I’ve had Malwarebytes catch a couple of things over the years on mine and client machines.
In general, the few and far between infections I’ve seen have been browser-based JavaScript attacks where they take over the screen and frighten you into calling a number for help and then chaos ensues if you take the bait. Multiple instances of this over the past 10 years.
As for low level, root kit-like attacks I can’t remember the last time I’ve seen one – maybe the early 2000s?
Dave
If you were to have a poll I would like for you to add questions that answer some of this. Obviously you would be able to word them better than me.
• Have you had an infection of any kind ever? Since maybe 2000?
• Have you had an infection in the last year? (2 years?)
• How did it arrive in your computer? Web, software installer, other?
• What did it do? A question to be answered in the discussion maybe?
As a sysadmin back in the 1990s we had a jpg-eating virus that could have been a big thing since all our production at the printing plant was based on jpg.

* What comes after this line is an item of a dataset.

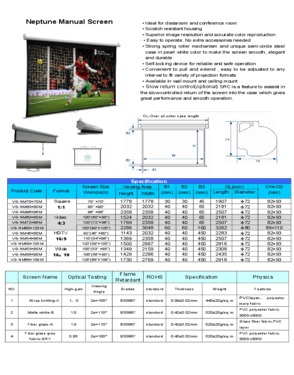 Wall Mount Manual roll down Projection screen (with self-lock device)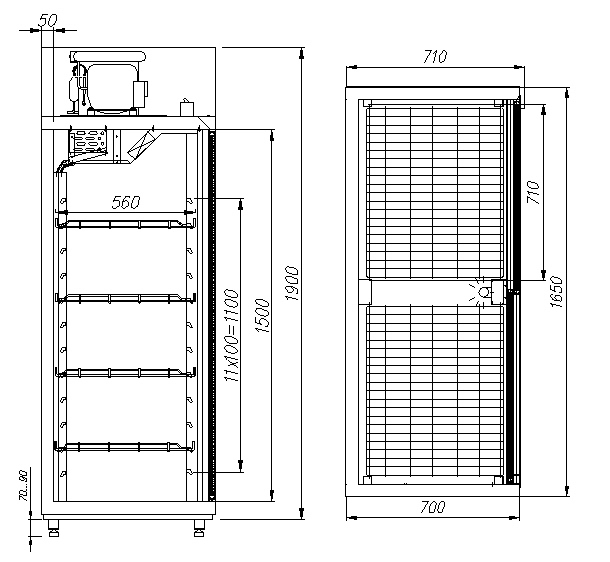 Холодильный шкаф CARBOMA R1400К INOX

However, as far as I remember, it was isolated to one or two Macs.
On a test Mac back in 2012 or 2013, where I downloaded software for testing and distribution, I got malware when installing a new version of FileZilla. The malware replaced Google as the search platform. I found a way to get FileZilla upgrades without the malware.
I am not using any antivirus software.
If you’re running anti-virus software then the question would be if you have evidence that it is stopping an infection. I know mine has, it is in the log.
Not a direct response to what we use, but could contribute to thinking on need.
I’ve occasionally been harrassed by this nonsense. Most of the time, my ad-blocking software blocks those scripts, which typiclaly get distributed either via ad networks or by domain squatters (who register expired domains to hijack old URLs) and typo-squatters…
Incidentally, I just discovered that Apple has registered aple.com and appl.com. They redirect to apple.com. I assume this was done to prevent the most common typosquatting.
I would have to say “Never”. I don’t run any kind of background scanner on my Mac (beyond whatever Apple pre-installs), and my work computer (running Windows) has the company’s security suite (currently ZScaler and Crowdstrike).
The only time I ever got a malware infection was back in the late 90’s. I had a laptop running Windows 95. I got the infection from Microsoft’s own server. The installation of McAfee detected it, but didn’t seem to be able to block or remove it. I wiped the hard drive, performed a clean reinstall of Windows from CDs. installed McAfee, which scanned everything clean. Then I went to Windows Update, and immediately got infected again.
When I reported it to Microsoft, they replied with a BS answer that their servers are perfectly clean and I must have gotten infected from someone else. Which is about when I wrote off Microsoft corporation as a useless gang of idiots. I still stand by that opinion today (along with lots more companies, who have proven themselves to be incompetent in all kinds of different ways).
Yet just about every casual Macintosh user that I’ve met thinks that it is.
By the way, I, personally have the full commercial version of VirusBarrier installed. I settled on VirusBarrier because it consistently wins all of the believable anti-virus shootouts that I’ve seen published. I’ve been using it for about 20 years. I use AV software, not because I think that I need it (I don’t think that I need it), but because my work requires it. In all that time, my AV software has never flagged anything that I actually needed to be protected from. It has picked up the odd Windows virus email attachment (those are easy to just spot and trash, they don’t run on the Mac.), it has warned me about phishing scams (those seem to always be easy to spot myself), etc. But at least it has never slowed down my Mac.
I just want to say, to make sure that nobody interprets my comments incorrectly, that I haven’t ever recommended MWB as a sole line of defense and I haven’t ever regarded it as a comprehensive security solution. There are, of course, people who view MWB differently than I do and use it differently than I do. But I’m not a proponent of not having a multifaceted security plan if one has sensitive or irreplaceable data to protect.
Intego NetBarrier and VirusBarrier.
BlockBlock is bearable and meaningful esp. for laptops. This is just pre-emotive though and not by itself finding or stopping any virus.
What I was trying to say about spam filters and virus protection was if some malware is propagated via email (including attachments) that could be blocked by a spam filter. I have a hazy recollection that some early malware was carried by attachments, but can’t remember any details.
I want to mention VirusTotal as a good tool for security. If you receive something suspicious, including files and anything with a URL, you can upload it to VT and get results spanning almost 100 different file scanners and blocklists.
FWIW, for prevention, there’s a suite of donationware products at https://objective-see.org/ including LuLu, Do Not Disturb, KnockKnock, ReiKey, BlockBlock, RandomWhere, and OverSight, which I strongly recommend.
You inspired me to look at ClamXav, which is now $30/year… so I am downloading clamav for Mac, which is open source.